In Espinoza v. Montana Department of Revenue, the U.S. Supreme Court rules 5-4 that states must allow religious schools to participate in programs that provide scholarships to students attending private schools. The decision does not directly affect public schools, but their supporters say they fear it will lead to resources being diverted from public to private education. The decision is the latest in a series of recent rulings that have lowered the traditional wall separating church and state by requiring government entities to treat religious and nonreligious institutions more equally, even when that means sending public money to religious institutions.
The U.S. Supreme Court, in a 7-2 vote, bars teachers at religious schools from filing discrimination lawsuits against their employers. The majority opinion said the Constitution’s protection of religious liberty exempts church-run schools from state and federal anti-discrimination laws. Two teachers at Catholic schools in Los Angeles County complained they were unfairly dismissed, one due to an illness and the other due to age. The Court found that since such schools are part of a church’s religious mission, the government may not interfere with decisions about hiring, supervision and firing of teachers. The cases are Our Lady of Guadalupe School v. Morrissey-Berru and St. James School v. Biel.
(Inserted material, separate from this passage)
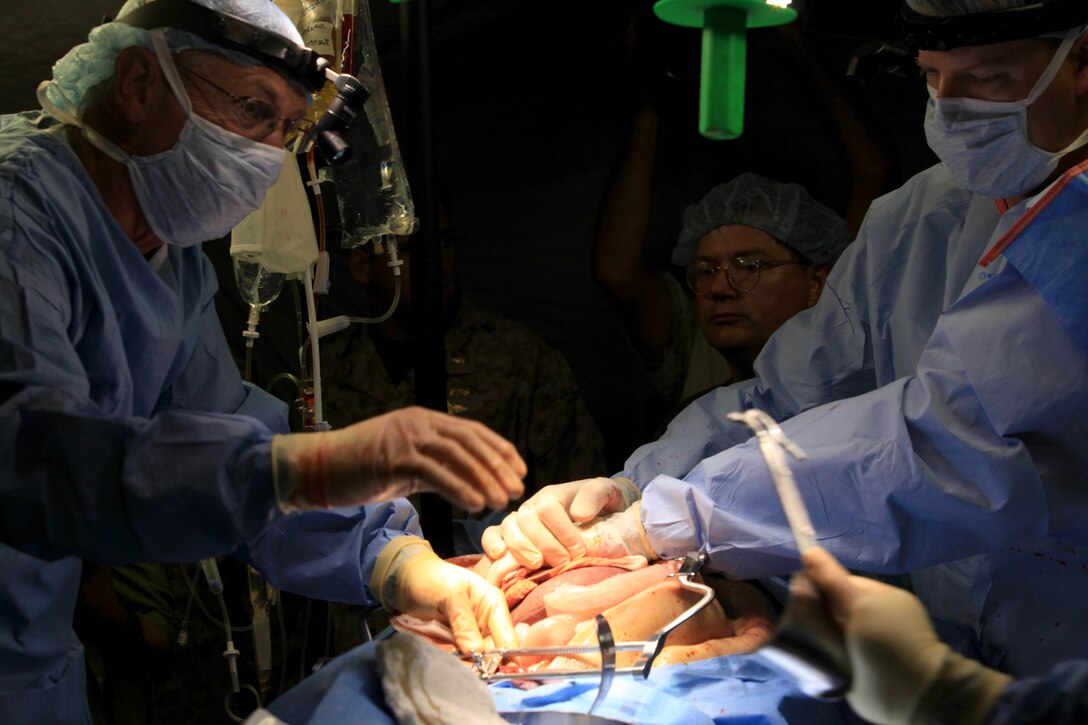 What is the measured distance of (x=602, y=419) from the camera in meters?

The U.S. Supreme Court sides with a Catholic foster care agency that was cut off by the City of Philadelphia from receiving foster care referrals because it refused to work with same-sex couples. The agency believes marriage is between a man and a woman. The Court unanimously rules in Fulton v. City of Philadelphia that the city was wrong to end its foster care contract with Catholic Social Services. Chief Justice John G. Roberts Jr., writing for six of the justices, said the city’s refusal to contract with the foster care agency unless it agreed to certify same-sex couples as foster parents violated the First Amendment.
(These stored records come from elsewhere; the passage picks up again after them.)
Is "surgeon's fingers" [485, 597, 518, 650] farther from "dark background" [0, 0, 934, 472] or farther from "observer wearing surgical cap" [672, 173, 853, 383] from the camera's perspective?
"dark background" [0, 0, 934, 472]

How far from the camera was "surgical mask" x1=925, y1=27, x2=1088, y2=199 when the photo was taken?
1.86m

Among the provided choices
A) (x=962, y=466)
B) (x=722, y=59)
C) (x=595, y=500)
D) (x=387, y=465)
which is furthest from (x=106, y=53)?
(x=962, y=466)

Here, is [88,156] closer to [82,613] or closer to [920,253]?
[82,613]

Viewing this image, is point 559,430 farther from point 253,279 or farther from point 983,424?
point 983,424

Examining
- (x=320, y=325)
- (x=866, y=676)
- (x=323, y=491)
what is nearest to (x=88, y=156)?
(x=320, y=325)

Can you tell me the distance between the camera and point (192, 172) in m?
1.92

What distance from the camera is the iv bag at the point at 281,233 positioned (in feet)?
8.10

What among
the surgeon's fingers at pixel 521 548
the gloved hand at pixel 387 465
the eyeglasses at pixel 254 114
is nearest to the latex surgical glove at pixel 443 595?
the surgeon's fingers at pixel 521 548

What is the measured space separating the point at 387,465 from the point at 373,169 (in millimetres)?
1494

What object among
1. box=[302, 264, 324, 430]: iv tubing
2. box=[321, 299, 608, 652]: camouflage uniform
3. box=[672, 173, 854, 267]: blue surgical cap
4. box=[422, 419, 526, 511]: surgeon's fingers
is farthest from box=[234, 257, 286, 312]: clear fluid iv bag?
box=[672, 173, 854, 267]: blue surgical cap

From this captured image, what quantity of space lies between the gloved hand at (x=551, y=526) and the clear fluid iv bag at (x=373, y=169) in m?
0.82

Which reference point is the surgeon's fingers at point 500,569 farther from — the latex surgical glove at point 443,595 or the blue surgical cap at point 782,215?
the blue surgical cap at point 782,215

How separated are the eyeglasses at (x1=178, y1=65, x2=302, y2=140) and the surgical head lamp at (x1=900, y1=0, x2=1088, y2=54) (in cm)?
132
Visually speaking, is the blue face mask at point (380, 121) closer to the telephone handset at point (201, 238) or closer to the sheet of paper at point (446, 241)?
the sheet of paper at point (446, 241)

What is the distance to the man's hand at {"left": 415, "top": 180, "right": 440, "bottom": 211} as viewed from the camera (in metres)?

The U.S. Supreme Court decides, 6-3, in Carson v. Makin that the state of Maine cannot exclude religious schools from a state program that pays private school tuition for students in areas that lack public schools. The majority opinion says that states are not required to support religious education, but that states that subsidize private schools may not discrminate against religious ones.
The U.S. Supreme Court rules, 6-3, that a high school football coach had a constitutional right to pray on the field after a game, joined by players who wanted to participate. The majority opinion in Kennedy v. Bremerton School District says the school relied exclusively and improperly on concerns that the prayers would be viewed as a religious endorsement by the school.